Indian Politician (born 1950)

Vijay Jawaharlal Darda (born 14 May 1950) is a politician from Indian National Congress party, and was a Member of the Parliament of India representing Maharashtra in the Rajya Sabha since 1998, having been elected for three consecutive terms into the upper house of the Indian Parliament. He is the chairman of the Lokmat Media Group. He is also the founder and President of Sakal Jain Samaj. Darda was President of the Indian Newspaper Society, New Delhi from 1997 to 1998. He continues to be a member of its executive committee.

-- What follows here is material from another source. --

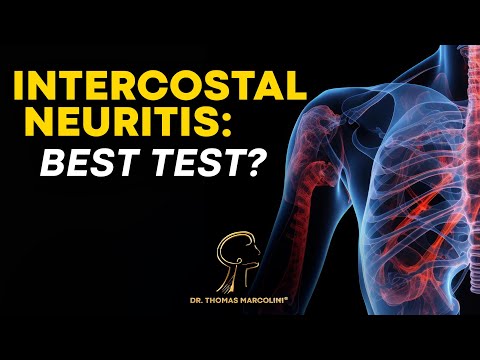 Intercostal Neuralgia Diagnosis, Find Out Now!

== Early life and political career ==
Darda was born in a Shwetambar Jain Family in Yavatmal. His father, Jawaharlal Darda, was a freedom fighter during the independence struggle of India. Jawaharlal Darda launched Lokmat, a daily Marathi newspaper on 15 December 1971, in Nagpur. Vijay J Darda received a diploma in Journalism and Printing Technology from Mumbai University In 1988. Vijay Darda was awarded D.Litt. (Doctor of Literature) by internationally renowned D Y Patil University at the convocation of the university in Navi Mumbai on 28 March 2023, at the hands of Maharashtra governor Ramesh Bais and chancellor of Dr D Y Patil University Dr Vijay Patil in the presence Maharashtra Chief Minister Eknath Shinde and dignitaries from all walks of life. He was conferred with the degree for his outstanding work across the fields of journalism, social work, education, politics, philanthropy for the betterment of society. he contested his first Rajya Sabha election and won as an independent candidate against the Congress candidate Ram Pradhan. After winning as an independent candidate, Congress party nominated him for the 2004 and 2010 Rajya Sabha elections in which he secured victory.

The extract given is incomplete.